L’épreuve de la normalisation
Tout ce qui est atteint est détruit. La formule de Montherlant n’est pas nouvelle et illustre les difficultés rencontrées par ces succès prématurés. C’est en touchant à la réussite que les ennuis ont surgi. En se constituant en tant que grandes rédactions traditionnelles, la transition a été difficile aussi bien sur le fond que sur la forme. Sur le fond, Vice France - comme tant d’autres - a grandi, et a grandi vite ; cette forte croissance intervenait à une époque où la définition de modèles économiques pour les médias du web était encore balbutiante. Aujourd’hui, nombre de médias de la sphère internet sont d’abord pensés à l’aune de leur viabilité économique (pré-abonnement, levée de fonds...) avant de proposer un contenu, innovant ou non, sur le web.
Sur la forme, ce journalisme écrit aux accents gonzo a semble-t-il peiné à rencontrer et séduire les nouveaux internautes. Les articles truculents de ces médias qui empruntaient aux codes d’une génération biberonnée aux débuts de Facebook et Twitter ont vieilli avec cette génération. C’est sur ces plateformes que se sont fait connaitre ces sites et qu’ils sont devenus des références pour une jeunesse qui ne se reconnaissait pas dans le traitement traditionnel de l’information.
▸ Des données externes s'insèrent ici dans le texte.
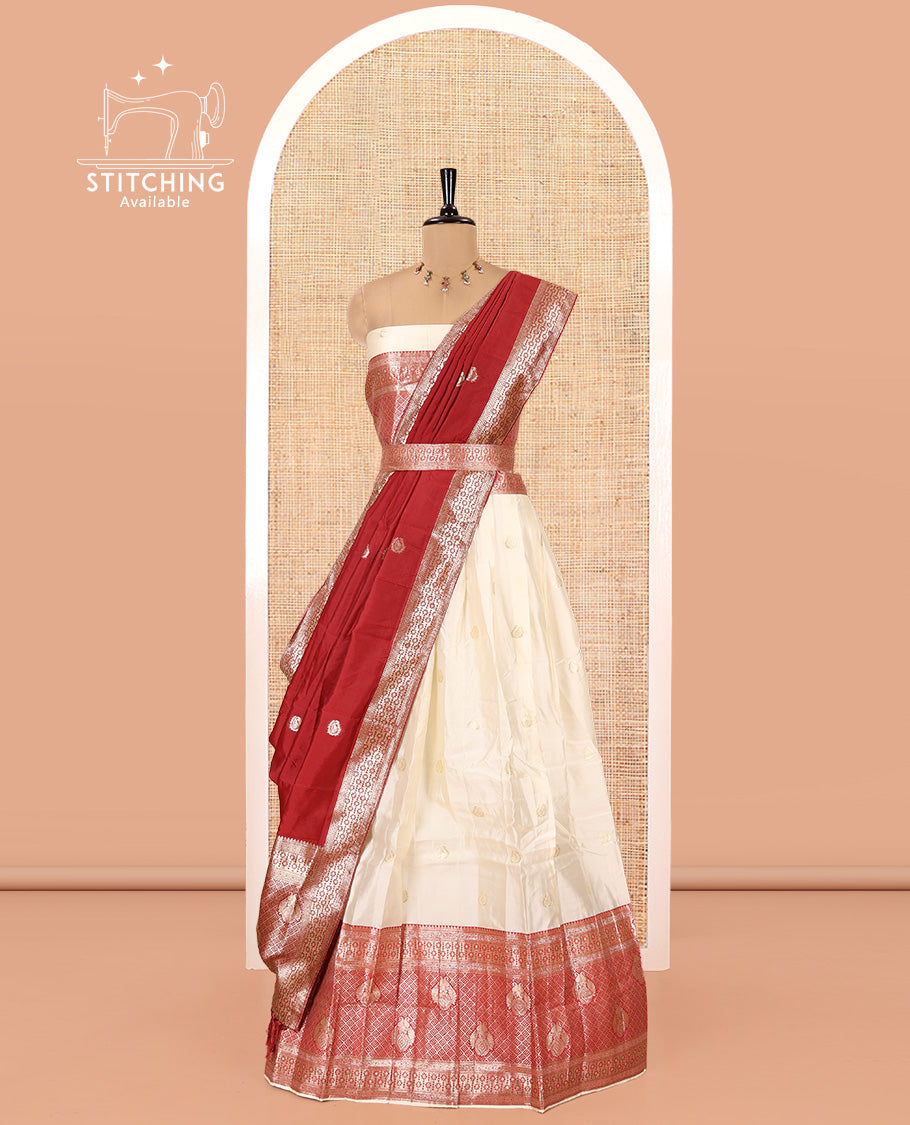 Cream-Red Semi-Banarasi Half-Saree Set Featuring Buttas Skirt, Contrast Traditional Border, Matching Blouse, and Banaras Dhavani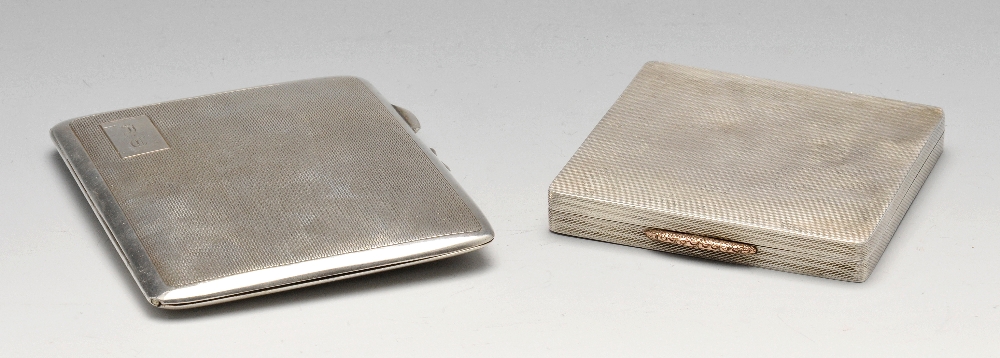 An 1930's silver cigarette case, of bulging rectangular form having engine turned panel exterior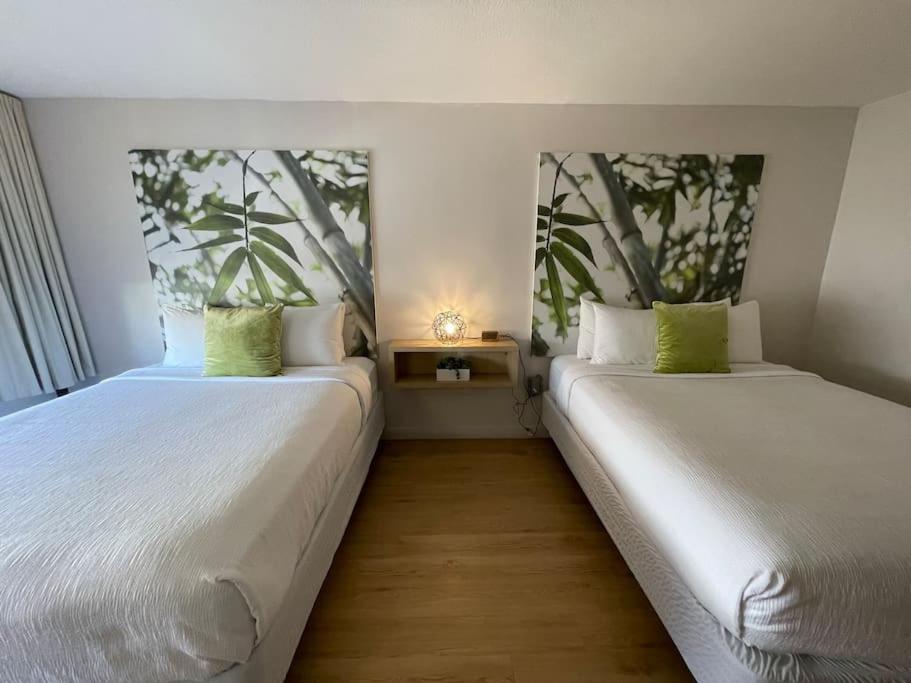 dwa łóżka siedzące obok siebie w pokoju w obiekcie Newly renovated room in cozy hotel near Disney w mieście Kissimmee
La transformation de ces réseaux sociaux a porté le coup de grâce à ces médias en faisant émerger de nouvelles figures, directement intégrées aux plateformes et plus proches de nouveaux usages en vogue.
Du «m’as-tu lu» au «m’as-tu vu»
Regis Debray le prophétisait déjà dans son essai de 1980 Le Pouvoir intellectuel en France : les médias sont systématiquement tentés de passer du journalisme «m’as-tu lu» au «m’as-tu vu». Les médias alternatifs - tout comme les réseaux sociaux - n’ont pas fait exception à cette règle. Facebook et Twitter, réseaux sociaux du texte, sont aujourd’hui supplantés par TikTok, Twitch ou encore YouTube, plateformes dédiées à l’image. Les nouveaux médias entièrement tournés vers la vidéo, live ou enregistrée, tels Hugo Décrypte ou Popcorn, sont aujourd’hui légions et connaissent un succès populaire indéniable auprès des jeunes générations.
Au-delà de cette mise en cohérence avec les goûts d’une époque, la pleine intégration de ces médias et journalistes directement dans les plateformes et applications sociales explique ce plébiscite d’une génération désormais captive de ces quelques applications phares. Correspondre pleinement aux tendances du temps en matière médiatique, on le voit, est un pari risqué et éphémère. La maxime populaire le rappelle, en bien des domaines : «être dans le vent est une ambition de feuille morte.»